Once you find the line below that has "Saint-Ignace-de-Loyola", output it and every line after it exactly, stopping after the line that has "KUIU Proximity Beanie", with no pictures.

## Record extracts:
******
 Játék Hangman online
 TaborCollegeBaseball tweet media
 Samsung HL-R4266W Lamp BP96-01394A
******
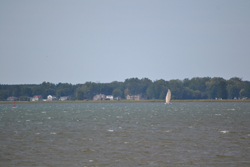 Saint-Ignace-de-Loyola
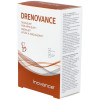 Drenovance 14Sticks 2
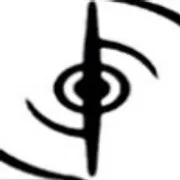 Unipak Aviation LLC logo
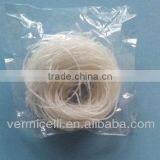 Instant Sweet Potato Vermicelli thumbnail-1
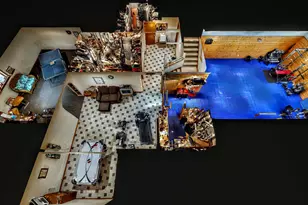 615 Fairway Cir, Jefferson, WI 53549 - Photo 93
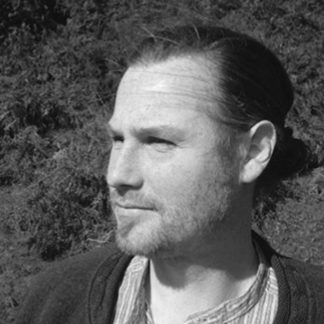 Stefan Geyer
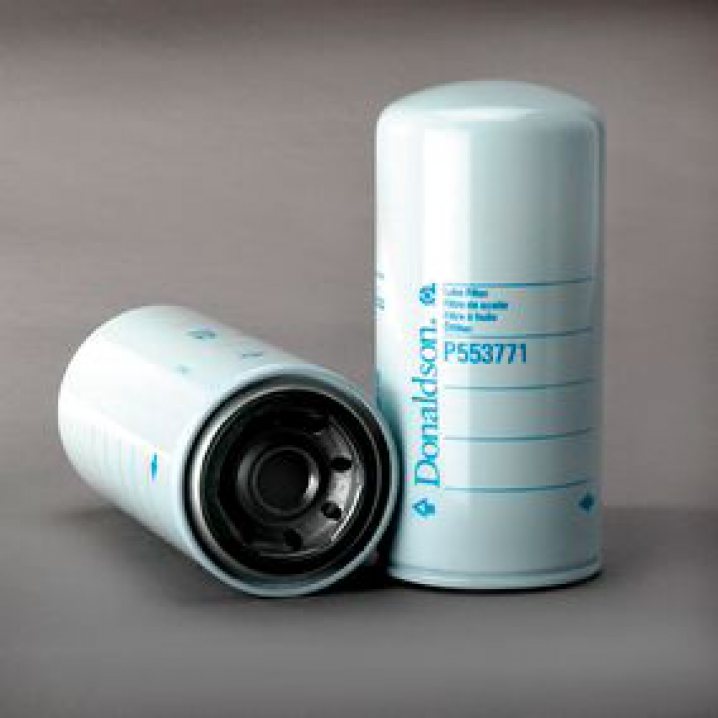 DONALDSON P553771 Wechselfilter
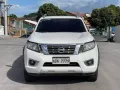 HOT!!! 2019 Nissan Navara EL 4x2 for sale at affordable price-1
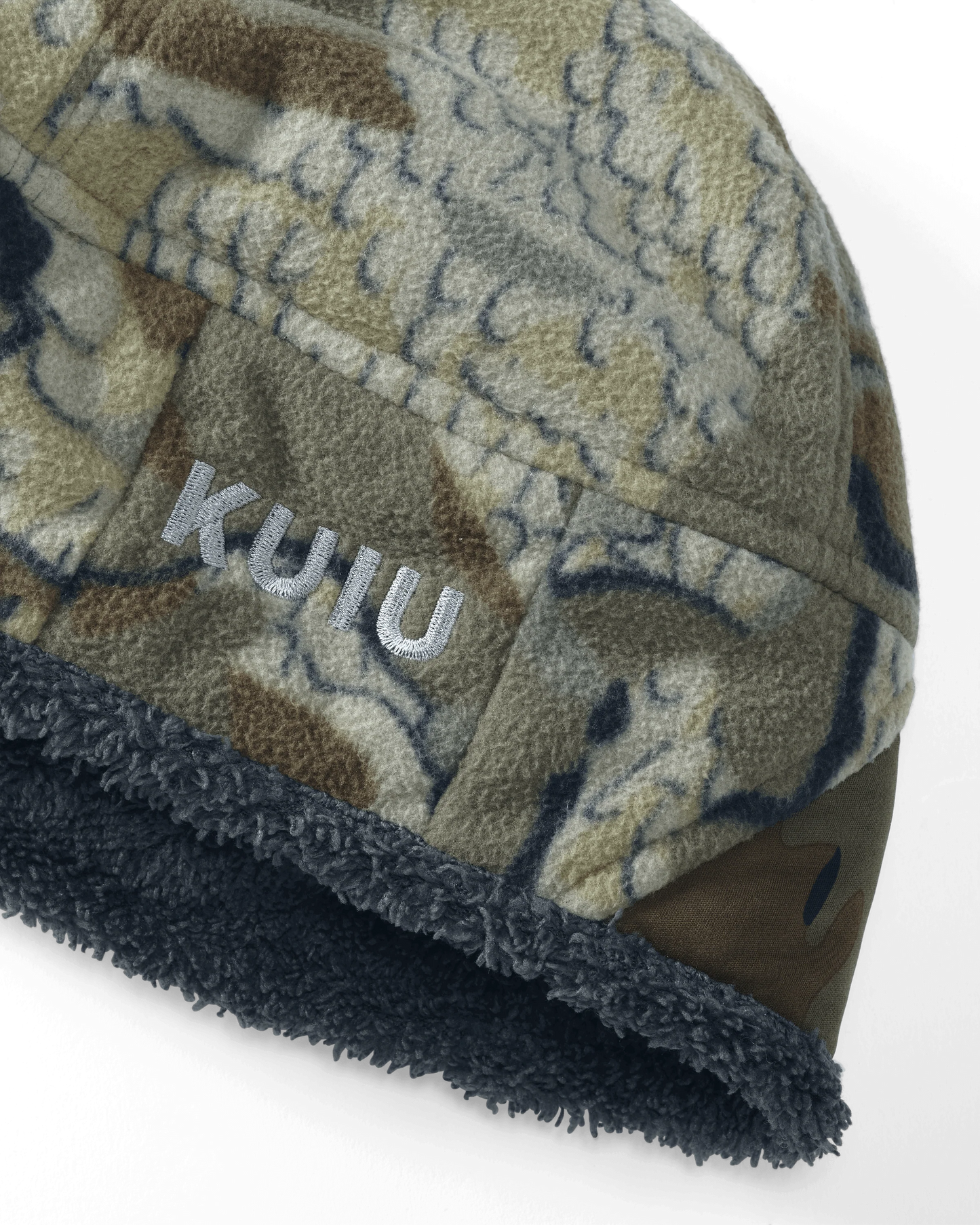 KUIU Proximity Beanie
******
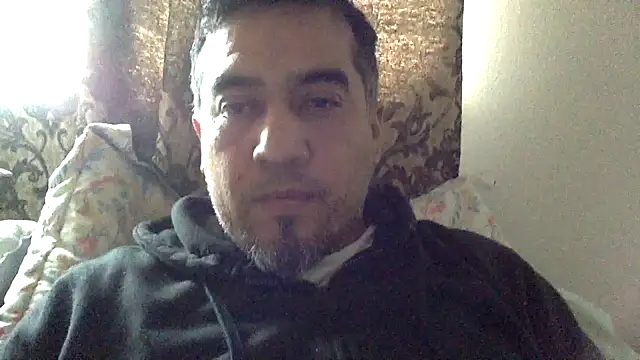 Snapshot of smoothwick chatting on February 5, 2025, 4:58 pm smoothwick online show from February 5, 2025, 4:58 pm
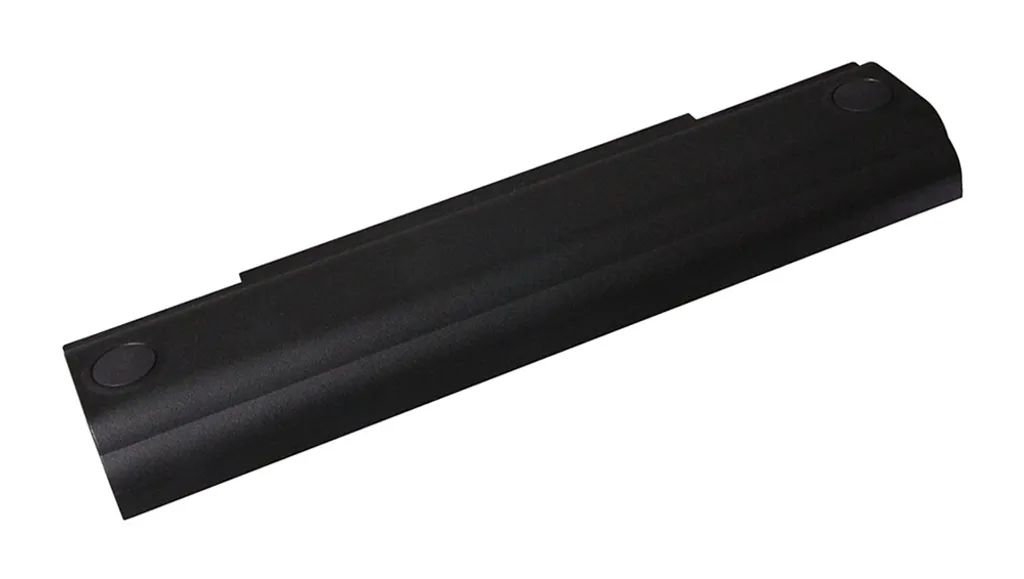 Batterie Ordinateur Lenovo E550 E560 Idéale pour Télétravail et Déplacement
******
## Answer box:
 Saint-Ignace-de-Loyola
 Drenovance 14Sticks 2
 Unipak Aviation LLC logo
 Instant Sweet Potato Vermicelli thumbnail-1
 615 Fairway Cir, Jefferson, WI 53549 - Photo 93
 Stefan Geyer
 DONALDSON P553771 Wechselfilter
 HOT!!! 2019 Nissan Navara EL 4x2 for sale at affordable price-1
 KUIU Proximity Beanie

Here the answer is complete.